Data provided:
################

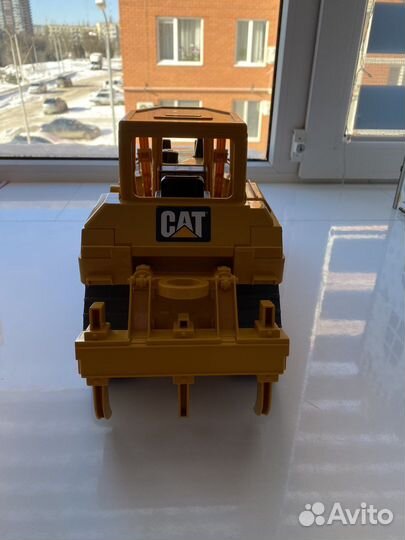 Трактор большой брудер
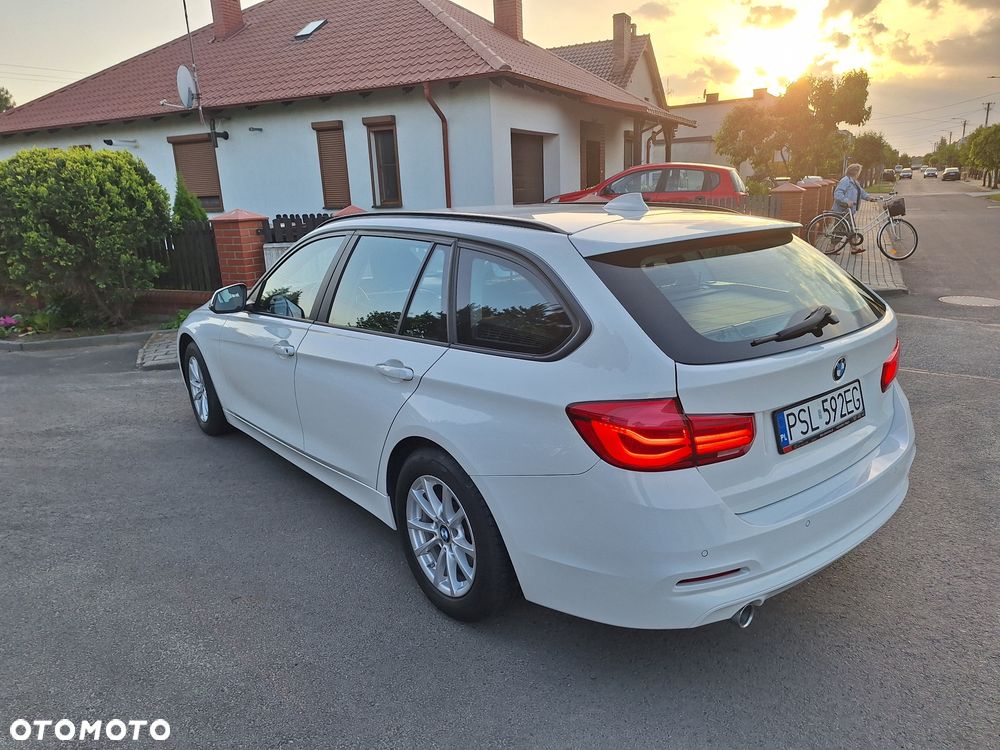 BMW Seria 3 318d Business Edition - 2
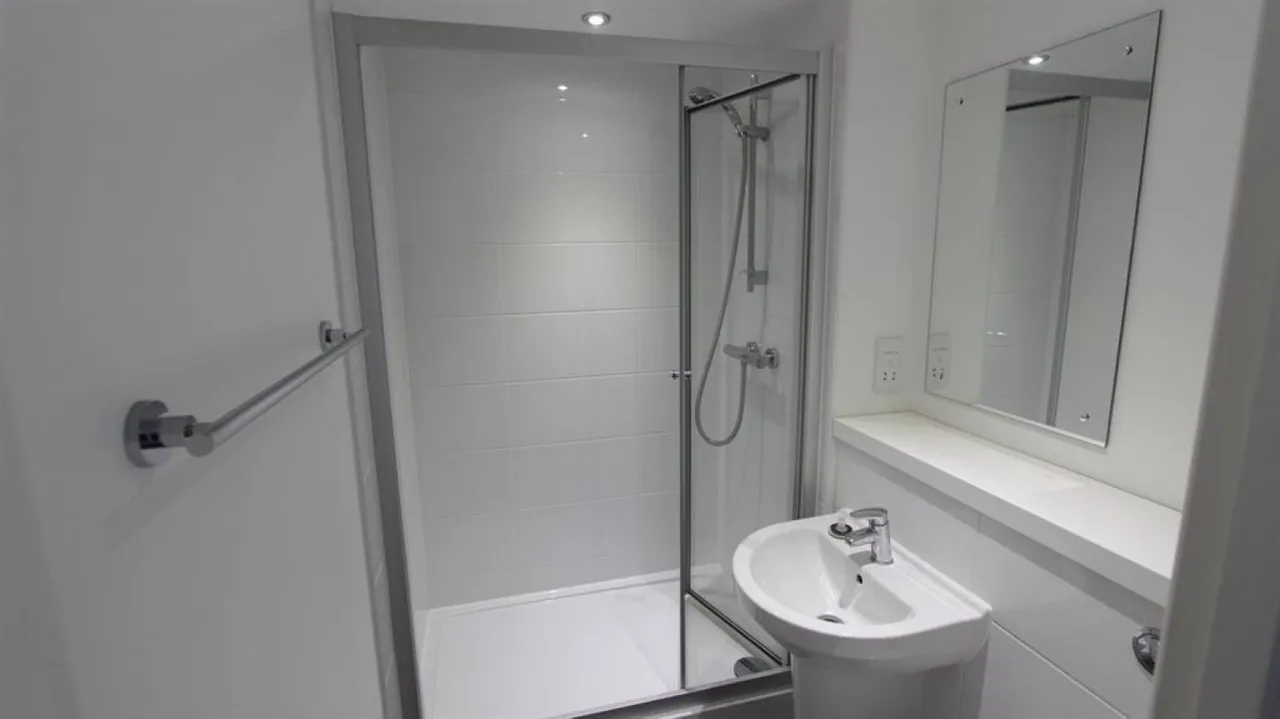 Howard Lane, Sheffield, S1, photo 4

################

Brief:
Repeat the material above word for word and skip every image in it.

Output of the task:
 Трактор большой брудер
 BMW Seria 3 318d Business Edition - 2
 Howard Lane, Sheffield, S1, photo 4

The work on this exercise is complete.